During our initial investigations into editing on iOS, we found WavePad, which is a cross-platform audio editor that also happens to exist on iOS. It had noise reduction not unlike what you could find in Audacity, but the primary issue we had with it was its limited options for loading and saving files. You could only load and save files that were copied to the iPad via FTP or iTunes File Sharing on a computer, and in our opinion, if you need to involve a computer in the process at all, you might as well just do the editing there in the first place. The app never was patched to add more options for file loading and exporting, so we had to give up on using that app.
Earlier this week, I searched the App Store and found an app called Denoise. Denoise was made primarily as a tool to do noise reduction for videos, but there is a “voice memos” section of the app that can handle pretty much any audio file you throw at it. I decided to give it a spin during this week’s editing process.
It was immediately clear that this app was really engineered with shorter length files in mind. If you throw an audio file longer than eight minutes at it, it will only load in the first four minutes of audio as a sample. This has good and bad implications. It’s good because actually running the noise reduction takes incredibly long (more on that in a bit), so only running it on four minutes while you’re dialing the settings just right means you have a quicker feedback loop. The bad part is that you’re meant to select the noise sample that the reduction will be based on in that four minute slice, and if that slice doesn’t have a good 10-15 seconds of noise to grab as a sample, the effectiveness of the noise reduction is greatly reduced.
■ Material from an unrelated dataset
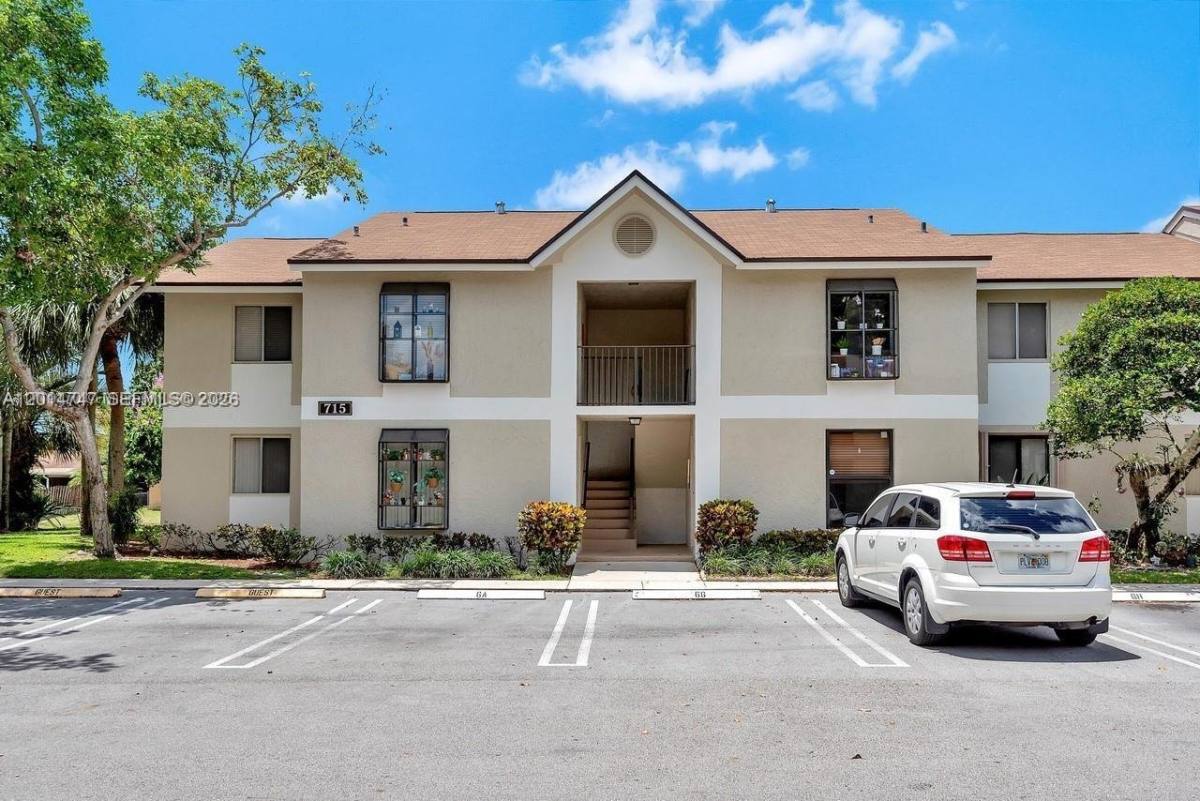 Apartment for rent at 715 Gardens Dr #103, Pompano Beach, FL 33069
Of course, the usefulness of a 4 minute sample of the final output is only good if it’s consistent with the results you’ll get after running it on the whole file, and this is where I encountered issues. Strangely, I only encountered these issues on my personal voice track, and not Luc-Olivier’s. The preview clips were all fine, but upon exporting the full file, the levels were way too low and my voice sounded like it had a flanger or phaser effect atop of it for the whole 88 minute length of the file. So that’s not too good.
On top of that, it took 13 minutes and 18 seconds to run the voice reduction on an 88 minute minute file. Audacity’s noise reduction would normally do the same thing in around 2 and a half minutes on a desktop computer. Again, I would be willing to live with the tradeoff in performance if it would reliably produce good results. It’s just that having to wait 13 minutes for each iteration to render just amplifies the problem that the preview is inconsistent with the final results.
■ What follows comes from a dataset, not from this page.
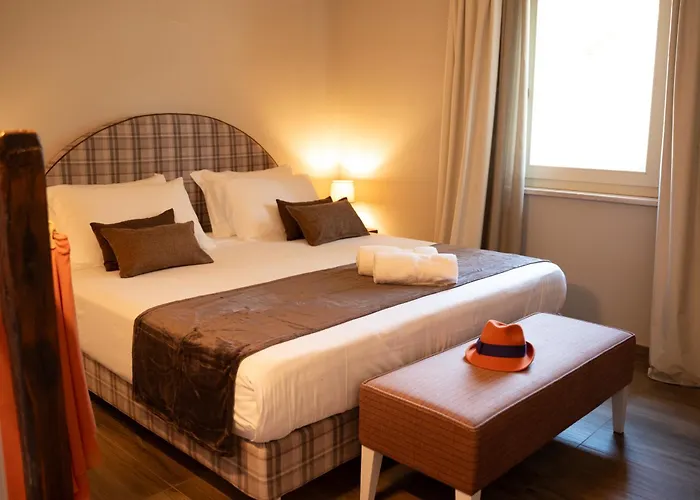 Il Vecchio Ippocastano (adults Only) カーシャ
I’m not sure what in specific made my voice track have issues. I used Denoise with my voiceover for this weekend’s Swan Song video and it worked fine when the file was of much shorter length, so maybe it’s a length thing? Maybe the length of my noise sample was too short with the Limitless Possibility voice track and that meant it couldn’t do its job efficiently. I really don’t know.
After fiddling with the settings for about 90 minutes, most of which was spent rendering, I did find a combination of settings that worked on my problematic file. It’s just unfortunate that there’s no way to save presets in the app, so I’m going to have to refer to a screenshot of the UI to recreate the same settings in the future.
Despite all of my complaints, I’m happy this app is out there. There have been one or two other apps in the App Store that have claimed to do noise reduction in the past, but they were so old or badly written that they would straight up crash when trying to load our hour-long voice tracks. Now we have something that with a lot of massaging can get decent results, so it made something we flat out couldn’t do on iOS before possible, and I am appreciative of that. That said, a lot of improvements could be made to this app to make it a reliable workhorse, and I hope we see some of those in the coming months to ease the pain.